I might be misleading you a bit with this title choice. By back to the land, I don’t mean I am going to talk about escaping from the rat race, and raising chicken, goats and rabbits, on some remote hideaway in the hills. I have to admit, that that image has tempted me once or twice. But then I remember what it was like on the farm when I was a kid. I don’t think I could handle hanging my bare butt out in an unheated outhouse in -40 degree weather anymore. Of course there is such a thing as a warmer climate, but in the summer there was usually a bees nest somewhere in that outhouse. I hope no one ever saw me trying to run, with my pants around my ankles, while trying to swat away the pesky critters. By the way -40 degrees is just as cold in the U.S. as it is in Canada.

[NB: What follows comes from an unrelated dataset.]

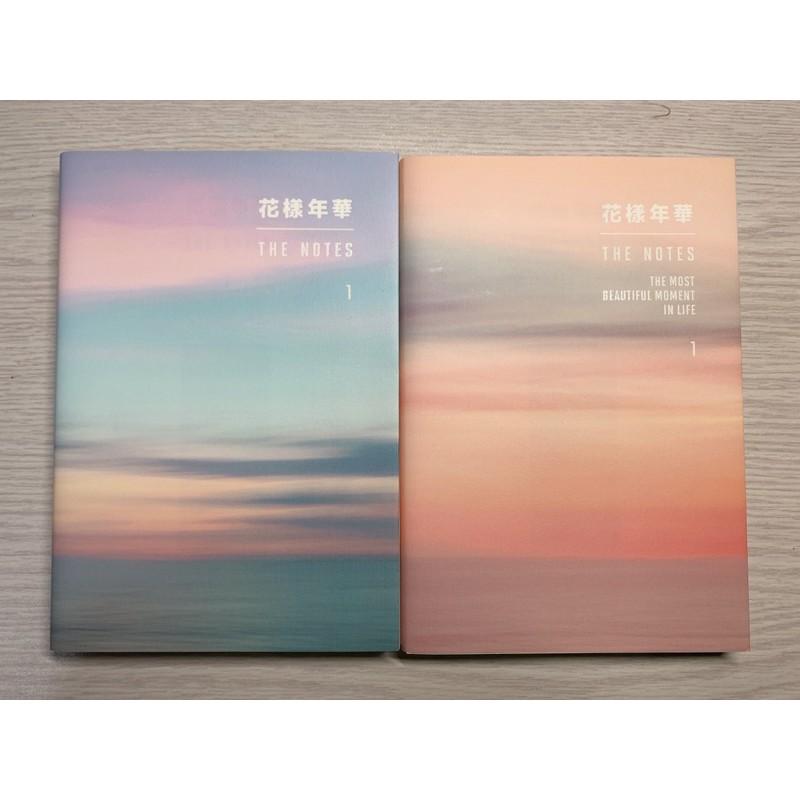 BTS 防彈花樣年華THE NOTES 1 小說概念書：英、韓版本（皆有該版本的首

Speaking of climate, I remember studiously working on my tan at a blackjack table in the Bahamas one time, when I was rich enough to get out of Canada for just a bit of the winter. An attractive young dealer was curious when she found I was from Canada. She said she understood it got quit cold. I replied that I had experienced -62 degree weather (perhaps exaggerating just a bit to impress her). She shivered ,and said she couldn’t imagine it that cold, and that it rarely got below 65 above in the Bahamas. (We were both on Fahrenheit at that time.) Then she asked if it ever got warm. When I said I had known temperatures of 100 degrees, she looked at me in wonder, saying that it never got that hot in her country.
I think this illustrates the vast differences we can face from one locale to another. If you are a Canadian, with land in Costa Rica, bent on building yourself a winter getaway house, you had best consult with the local builders.
I have slipped a bit away from the subject I meant to write about. I want to discuss the things you have to deal with once you have obtained
your land, but before you start to build. This can vary from practically nothing, if the land is fairly level and services are already in place, to arranging for everything, sometimes at great cost. I did build one house where we removed a derelict mobile home, and found all the services practically right where we needed them, and in good shape. This made things pretty easy and inexpensive, but is a rare situation.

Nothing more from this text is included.